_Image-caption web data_
>>>>>

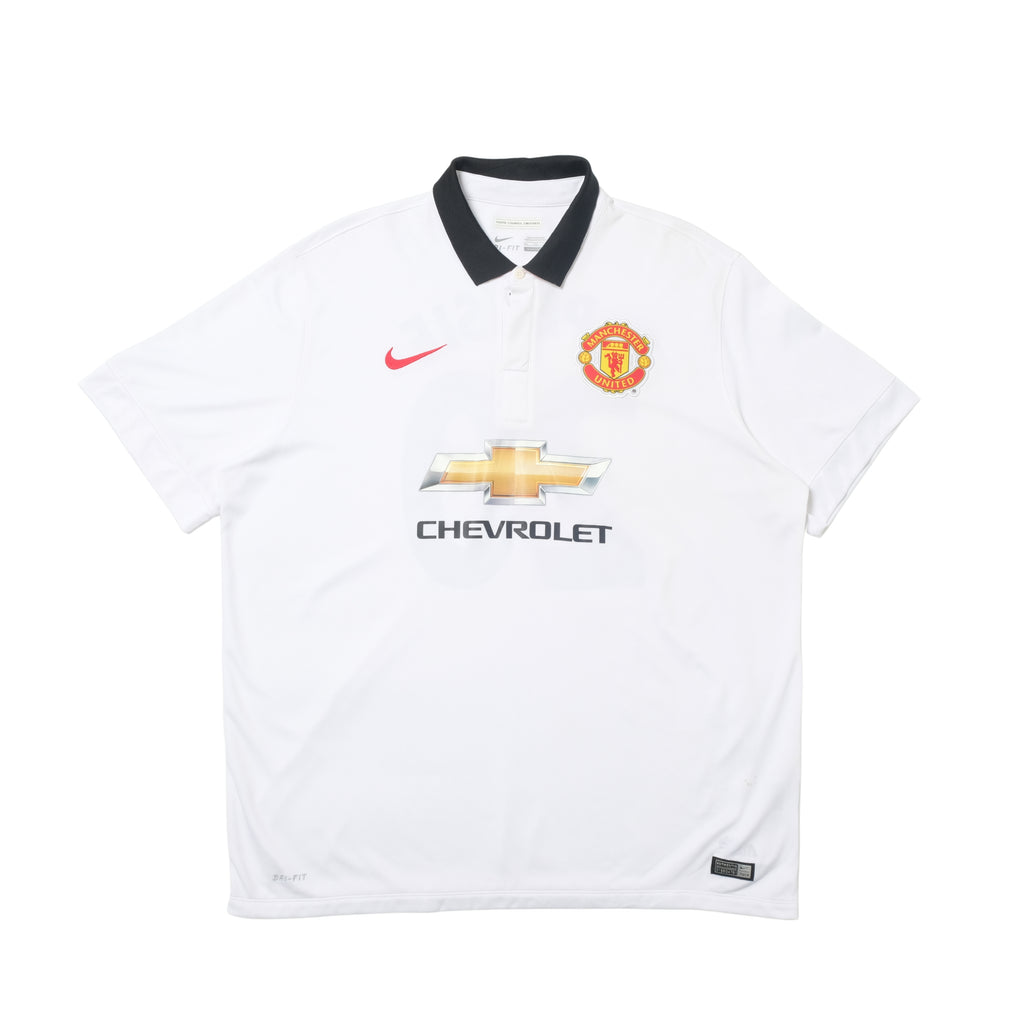 2014/15 Manchester United Away Shirt Nike Van Persie (XXL)
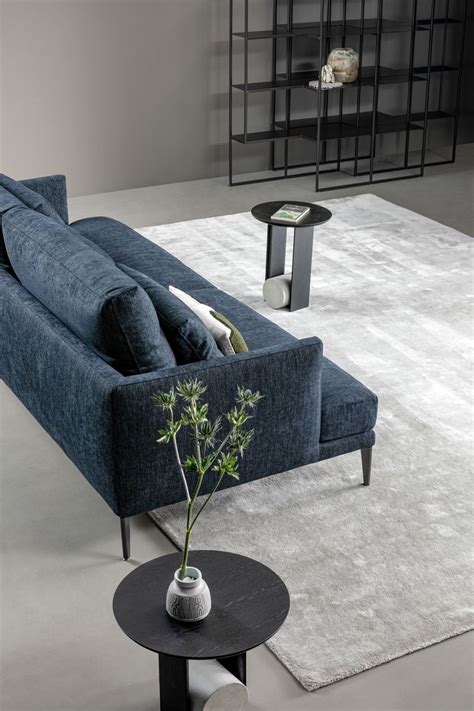 Paraiso Sectional Fabric Sofa By Bonaldo Design Sergio Bicego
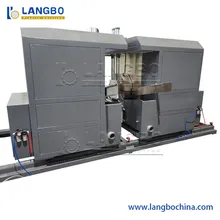 Automatische PVC PE Plasticen Pijp Draad Snijmachine Draadmachine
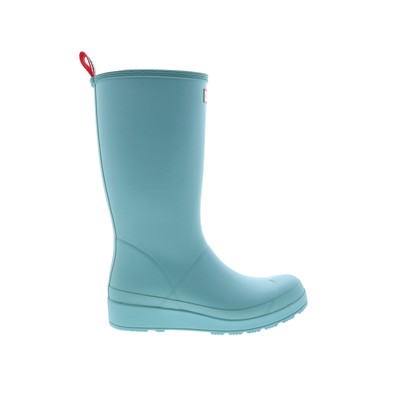

Женские синтепоновые резиновые сапоги Hunter Play Tall Boot WFT2007RMA-BYB, Синий, Hunter Play Tall Boot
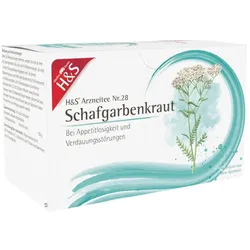 H&S Schafgarbenkraut 20X1,7 g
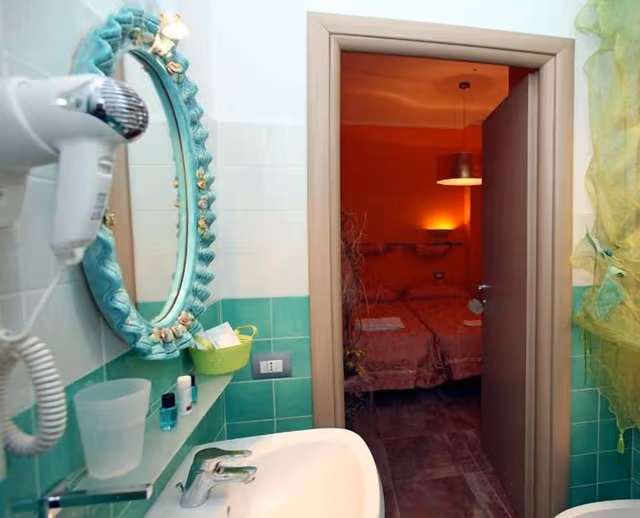 Economy Double Room Single Use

<<<<<

_TASK PROMPT_
The records above are to be restated word for word, with every picture left out.

_EXERCISE ANSWER_
 2014/15 Manchester United Away Shirt Nike Van Persie (XXL)
 Paraiso Sectional Fabric Sofa By Bonaldo Design Sergio Bicego
 Automatische PVC PE Plasticen Pijp Draad Snijmachine Draadmachine

Женские синтепоновые резиновые сапоги Hunter Play Tall Boot WFT2007RMA-BYB, Синий, Hunter Play Tall Boot
 H&S Schafgarbenkraut 20X1,7 g
 Economy Double Room Single Use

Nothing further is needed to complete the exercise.